Think of the last time you went shopping.
By the time you decided to buy a product, you knew both what you were buying and how much it cost. But was your decision affected by whether you saw the price or the product first? That's the question at the heart of new experimental research that uses neuroscience tools to shed light on how our brains make purchasing decisions.
"We were interested in whether considering the price first changed how people thought about the decision process, and whether it changed the way the brain coded the value of a product," says Uma R. Karmarkar, a neuroscientist and assistant professor in the Marketing unit at Harvard Business School, who conducted the research with Baba Shiv, a marketing professor and neuroeconomics expert at Stanford University's Graduate School of Business, and Brian Knutson, an associate professor of psychology and neuroscience at Stanford. "Because we had neuroscience tools at our disposal, we had the benefit of exploring both those questions," Karmarkar says.
The researchers found that price primacy (viewing the price first) makes consumers more likely to focus on whether a product is worth its price, and consequently can help induce the purchase of specific kinds of bargain-priced items. Their study, Cost Conscious? The Neural and Behavioral Impact of Price Primacy on Decision-Making, will appear in a forthcoming issue of the Journal of Marketing Research.
The research could help retailers and marketers decide when it's best to lead with price, which products work best with that strategy, and how to frame sales messages to consumers. (HBS related research on how consumers view pricing can be found in the article Deconstructing the Price Tag.)
The brain shopping experiment
In a series of experiments, participants went shopping—while lying on their backs inside a functional magnetic resonance imaging (fMRI) machine. The fMRI uses a giant electro-magnet, often 3 teslas strong, to track the blood flow throughout the brain as test subjects respond to sensory cues. In this case, participants were responding to pictures of products and their prices.

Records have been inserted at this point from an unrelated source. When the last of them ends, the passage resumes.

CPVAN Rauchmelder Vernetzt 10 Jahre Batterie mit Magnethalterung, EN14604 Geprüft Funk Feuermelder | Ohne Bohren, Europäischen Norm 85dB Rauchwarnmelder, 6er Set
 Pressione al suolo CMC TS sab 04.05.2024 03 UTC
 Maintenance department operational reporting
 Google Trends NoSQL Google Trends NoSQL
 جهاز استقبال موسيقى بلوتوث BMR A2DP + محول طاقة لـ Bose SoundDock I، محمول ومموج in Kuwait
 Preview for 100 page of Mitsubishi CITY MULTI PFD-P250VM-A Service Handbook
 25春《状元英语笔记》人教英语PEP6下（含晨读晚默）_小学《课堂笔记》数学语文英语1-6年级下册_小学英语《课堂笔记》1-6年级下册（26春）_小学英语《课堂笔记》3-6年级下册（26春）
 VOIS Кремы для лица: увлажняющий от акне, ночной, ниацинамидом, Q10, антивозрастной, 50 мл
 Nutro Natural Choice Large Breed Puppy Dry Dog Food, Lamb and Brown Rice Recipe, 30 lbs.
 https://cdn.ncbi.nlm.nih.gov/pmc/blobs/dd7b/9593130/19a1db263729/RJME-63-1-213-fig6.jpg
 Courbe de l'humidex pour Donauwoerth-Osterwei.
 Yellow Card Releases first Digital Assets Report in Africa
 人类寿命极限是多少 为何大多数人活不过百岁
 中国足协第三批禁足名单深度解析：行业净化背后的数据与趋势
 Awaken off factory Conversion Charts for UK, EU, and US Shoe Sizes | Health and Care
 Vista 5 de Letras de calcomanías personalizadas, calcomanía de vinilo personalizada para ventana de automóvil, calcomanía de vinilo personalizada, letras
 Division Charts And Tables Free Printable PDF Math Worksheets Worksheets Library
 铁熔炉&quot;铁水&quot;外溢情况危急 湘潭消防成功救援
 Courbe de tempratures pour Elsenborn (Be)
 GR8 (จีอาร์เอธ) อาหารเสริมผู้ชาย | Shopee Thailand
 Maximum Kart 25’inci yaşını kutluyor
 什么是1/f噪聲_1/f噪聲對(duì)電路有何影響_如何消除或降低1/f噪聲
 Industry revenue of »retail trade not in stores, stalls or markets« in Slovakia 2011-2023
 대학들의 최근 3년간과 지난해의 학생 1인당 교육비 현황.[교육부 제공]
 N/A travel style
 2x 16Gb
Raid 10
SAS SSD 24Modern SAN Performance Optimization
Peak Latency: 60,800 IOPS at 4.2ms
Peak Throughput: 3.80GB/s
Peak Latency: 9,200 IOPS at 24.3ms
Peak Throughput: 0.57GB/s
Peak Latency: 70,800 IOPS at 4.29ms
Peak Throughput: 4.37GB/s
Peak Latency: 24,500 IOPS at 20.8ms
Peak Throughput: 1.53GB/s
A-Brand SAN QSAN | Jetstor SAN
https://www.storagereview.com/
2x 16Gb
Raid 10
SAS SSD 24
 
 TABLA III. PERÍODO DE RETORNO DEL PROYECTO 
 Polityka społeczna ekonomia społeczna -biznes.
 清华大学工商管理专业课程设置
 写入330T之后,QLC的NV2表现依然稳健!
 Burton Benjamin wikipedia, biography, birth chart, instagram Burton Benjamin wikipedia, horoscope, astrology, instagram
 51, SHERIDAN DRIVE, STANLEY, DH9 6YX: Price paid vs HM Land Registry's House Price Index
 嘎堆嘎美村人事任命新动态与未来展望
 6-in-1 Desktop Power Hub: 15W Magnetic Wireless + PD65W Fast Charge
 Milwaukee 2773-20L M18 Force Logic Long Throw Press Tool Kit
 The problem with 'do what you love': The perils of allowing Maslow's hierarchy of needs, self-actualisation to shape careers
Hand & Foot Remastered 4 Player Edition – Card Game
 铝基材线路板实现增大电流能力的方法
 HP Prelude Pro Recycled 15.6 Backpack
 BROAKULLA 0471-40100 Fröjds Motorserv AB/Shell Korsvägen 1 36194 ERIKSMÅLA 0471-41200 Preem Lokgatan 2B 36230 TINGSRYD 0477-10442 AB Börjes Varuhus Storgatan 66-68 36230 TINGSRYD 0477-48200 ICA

In the first experiment, conducted at an imaging center on the Stanford University campus, each participant was given $40 of shopping money before viewing a series of 80 products and their prices on a screen inside the fMRI machine. "This made the shopping experience more real," Karmarkar says.
To encourage purchasing, the products were offered at sub-retail prices. Sometimes participants saw the price first, and sometimes they saw the product first. But in every case, they eventually saw an image of both the product and the price presented together. At that point, they chose whether to purchase the product, indicating yes or no with the push of a button. After exiting the machine, participants filled out a survey to rate how much they had liked each product, on a scale of 1 to 7.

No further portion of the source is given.